La premessa che ho fatto mi è sembrata necessaria per parlare di Emmet e Lucian: credo sia sbagliato definire Il Rilegatore un romance in quanto su 420 pagine la loro relazione vive su meno di una cinquantina di esse. Il loro amore è il cuore e motore propulsore della vicenda, ma Collins usa l’amore per raccontarci di un mondo, di una problematica, di personaggi provenienti da contesti diversi, con personalità differenti senza i loro ricordi. La presenza di un solo “ti amo” in tutto il romanzo, ne è forse prova definitiva.
Emmet è un personaggio semplice ma che s’impara ad amare una volta messo a fuoco. Tornati i suoi ricordi il carattere viene definito, mostrando una personalità energica, determinata e più forte di quella che ci è proposta nelle prime pagine.
Lucian è un personaggio più complesso, il mio preferito, anche in vesti più ciniche. A differenza di Emmet, il Lucian senza memoria non è privo di personalità ma sembra privo di anima, perciò capace di spingersi a tutto, esplorando le zone più oscure dei suoi pensieri.
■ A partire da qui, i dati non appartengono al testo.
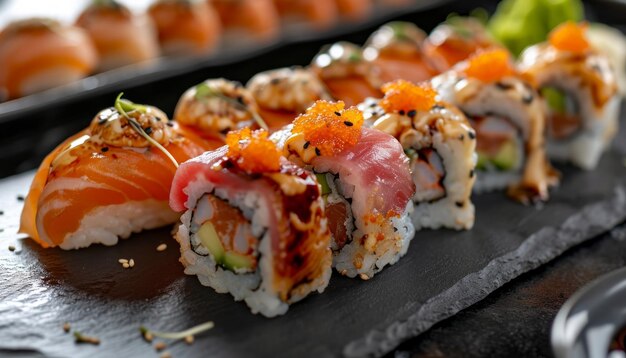 Foto sushi y rollos de sushi en un plato de pizarra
Ho trovato meraviglioso e terribile il modo in cui la memoria sia identificata come anima, quanto questo sia più evidente con Lucian o con la povera Nell, il cui suicidio ci fa pensare a cosa era effettivamente diventa: una zombie.
La memoria è storia, è consistenza di vita, è forma di moralità quanto di intelletto; non mi ero mai soffermata a rifletterci così a fondo e a considerare uno scenario tanto terribile, anzi, credo che in pochi possano avere un immaginario così angosciante di un mondo che la rinnega per ignorare il dolore. In tempi in cui il revisionismo storico vuole affermarsi, tra persone che considerano le Giornate della Memoria una noiosa imposizione, Il Rilegatore – nella sua veste di fiaba oscura – offre una prospettiva preziosa e stimolante, facendo del dolore quel mattone importante per la costruzione non solo di noi stessi, ma anche di un presente migliore.
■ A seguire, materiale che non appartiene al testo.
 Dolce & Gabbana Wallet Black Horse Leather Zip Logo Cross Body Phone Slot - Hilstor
Dal momento che il romanzo si avvale a una così sensibile indagine psicologica, è un peccato non aver saputo di più su personaggi come Seredith ed Alta, quanto su De Havilland e il padre di Lucian.
La prima persona è inevitabilmente limitante e il romanzo non poteva che presentarsi in questa formula per la costruzione della storia, ma sono certa che un centinaio di pagine di approfondimento – soprattutto del mondo! – non sarebbero state di troppo, avrebbero piuttosto sfruttato il potenziale che è andato sprecato e che solo un altro libro potrebbe risolvere.
Nonostante le mie perplessità su ciò che poteva essere, ho apprezzato il finale aperto che – in genere – è sempre il mio tipo di finale preferito. Emmet e Lucian sono insieme, con i loro ricordi, nonostante il mondo sia marcio a causa dei suoi vizi, ma non è uno scenario così tragico se esiste ancora qualcuno che ricorda il significato di essere umani.